Posted by Greg Mitchell on January 27th, 2015

For the next nine weeks or so, we’ll run down a few weekly superlatives from league play, take a look at how conference teams look in the eyes of the NCAA Tournament selection committee, and anything else that merits discussion. Here is Volume IV, including games from January 19-25.

Team of the Week. Welcome to the party, Texas A&M. The Aggies are riding a four-game winning streak after beating Missouri (home) and Tennessee (road) last week. It’s their longest conference winning streak since joining the SEC, and the win over the resurgent Vols in Thompson-Boling Arena was a nice exclamation mark. Tennessee’s match-up zone had frustrated Arkansas, Missouri and South Carolina, but the Aggies – which have generally struggled to score in the Billy Kennedy era – were able to shoot 48 percent from the field in the victory. That’s obviously a good sign. Texas A&M’s development potential is also something to keep an eye on. Five key rotation pieces are playing their first year in College Station: Jalen Jones (transfer), Danuel House (transfer), Alex Robinson (freshman), Peyton Allen (freshman) and Tony Trocha-Morelos (freshman). Alex Caruso is again leading the conference in assists per game (5.3) and assist rate (36.7%), and the Aggies’ offense should continue to improve as he gets more experience playing alongside primary scorers Jones and House.

JJ Frazier had the self-described best game of his career in scoring 37 points against Mississippi State (ajc.com).

JJ Frazier had the self-described best game of his career in scoring 37 points against Mississippi State (ajc.com).

Player of the Week.
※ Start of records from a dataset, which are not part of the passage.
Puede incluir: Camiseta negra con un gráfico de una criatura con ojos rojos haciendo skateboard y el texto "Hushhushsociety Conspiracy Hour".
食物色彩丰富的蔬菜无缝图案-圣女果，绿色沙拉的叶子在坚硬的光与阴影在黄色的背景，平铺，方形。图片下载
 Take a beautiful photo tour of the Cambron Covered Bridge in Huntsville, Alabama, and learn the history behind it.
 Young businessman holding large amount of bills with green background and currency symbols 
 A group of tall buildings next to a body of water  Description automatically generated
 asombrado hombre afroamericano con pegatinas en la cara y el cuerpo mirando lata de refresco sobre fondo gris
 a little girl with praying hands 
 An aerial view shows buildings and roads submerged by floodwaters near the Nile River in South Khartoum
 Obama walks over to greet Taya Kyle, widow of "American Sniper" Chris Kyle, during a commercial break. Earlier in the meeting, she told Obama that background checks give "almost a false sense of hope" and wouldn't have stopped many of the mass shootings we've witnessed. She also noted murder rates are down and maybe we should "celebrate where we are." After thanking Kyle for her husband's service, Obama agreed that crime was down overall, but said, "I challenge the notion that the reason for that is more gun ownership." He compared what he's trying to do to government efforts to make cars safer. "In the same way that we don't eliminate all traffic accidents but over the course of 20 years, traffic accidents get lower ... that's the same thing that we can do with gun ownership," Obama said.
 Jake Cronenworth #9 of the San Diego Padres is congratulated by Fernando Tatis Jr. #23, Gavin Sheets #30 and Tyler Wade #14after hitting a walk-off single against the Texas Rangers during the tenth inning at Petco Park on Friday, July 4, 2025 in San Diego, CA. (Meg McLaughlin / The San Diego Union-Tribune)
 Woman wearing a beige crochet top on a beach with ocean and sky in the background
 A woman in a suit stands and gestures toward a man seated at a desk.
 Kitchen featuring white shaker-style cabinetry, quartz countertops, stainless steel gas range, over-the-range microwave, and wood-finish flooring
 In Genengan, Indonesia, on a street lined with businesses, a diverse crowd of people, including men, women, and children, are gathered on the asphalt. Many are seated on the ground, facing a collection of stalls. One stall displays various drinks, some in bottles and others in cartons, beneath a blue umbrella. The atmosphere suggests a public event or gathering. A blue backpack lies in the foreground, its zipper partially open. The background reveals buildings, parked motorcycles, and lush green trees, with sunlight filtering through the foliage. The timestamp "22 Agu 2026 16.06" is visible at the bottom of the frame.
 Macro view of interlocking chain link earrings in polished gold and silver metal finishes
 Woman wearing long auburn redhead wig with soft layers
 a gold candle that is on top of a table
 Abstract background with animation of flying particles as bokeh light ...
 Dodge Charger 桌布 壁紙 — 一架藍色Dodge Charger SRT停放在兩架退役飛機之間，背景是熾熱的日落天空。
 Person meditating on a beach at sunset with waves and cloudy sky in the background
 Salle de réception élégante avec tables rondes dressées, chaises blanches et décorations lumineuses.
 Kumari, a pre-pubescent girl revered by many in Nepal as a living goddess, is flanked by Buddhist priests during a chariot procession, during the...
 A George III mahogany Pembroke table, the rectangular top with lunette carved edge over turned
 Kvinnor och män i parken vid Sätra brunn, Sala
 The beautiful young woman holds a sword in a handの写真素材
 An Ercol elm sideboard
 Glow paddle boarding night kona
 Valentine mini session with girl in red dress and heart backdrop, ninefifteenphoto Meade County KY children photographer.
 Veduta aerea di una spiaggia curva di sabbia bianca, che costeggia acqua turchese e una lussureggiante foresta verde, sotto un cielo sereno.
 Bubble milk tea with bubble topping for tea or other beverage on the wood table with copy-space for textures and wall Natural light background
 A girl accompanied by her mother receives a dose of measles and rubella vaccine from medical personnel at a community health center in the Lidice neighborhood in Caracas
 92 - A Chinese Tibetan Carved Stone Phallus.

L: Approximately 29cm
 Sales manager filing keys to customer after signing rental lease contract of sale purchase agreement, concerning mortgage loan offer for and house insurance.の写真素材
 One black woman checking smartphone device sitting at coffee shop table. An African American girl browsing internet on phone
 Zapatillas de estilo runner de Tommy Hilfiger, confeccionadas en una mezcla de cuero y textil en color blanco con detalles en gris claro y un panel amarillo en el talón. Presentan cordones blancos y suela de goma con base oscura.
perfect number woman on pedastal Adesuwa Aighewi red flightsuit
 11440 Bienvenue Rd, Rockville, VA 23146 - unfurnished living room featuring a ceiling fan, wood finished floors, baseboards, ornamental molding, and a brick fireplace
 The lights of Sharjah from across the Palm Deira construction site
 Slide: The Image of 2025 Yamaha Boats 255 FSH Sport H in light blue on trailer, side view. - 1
Quick, who is Georgia’s best player? If you didn’t say J.J. Frazier than you’re probably wrong, at least as far the previous week is concerned. The Bulldogs’ point guard gets the nod almost solely for what he did in staving off Mississippi State last Saturday. The sophomore scored 37 points, including a blistering seven-for-seven from three. He told the AP that it was the best game of his career, and it came at a big moment for surging Georgia. The Bulldogs got just 24 points combined from Kenny Gaines, Charles Mann, Marcus Thornton and Nemanja Djurisic. That kind of production, or lack thereof, from a team’s main horses almost always results in a loss. And a loss to Mississippi State would’ve been bad for Georgia’s tournament hopes. But Frazier didn’t let it happen, and he may be battling Armani Moore for the title of most improved player in the conference. He is second in the league in true shooting percentage (65.3%), and is taking care of the ball very well (1.4 turnover per game) despite seeing his role as primary ball handler drastically increased over what it was last season.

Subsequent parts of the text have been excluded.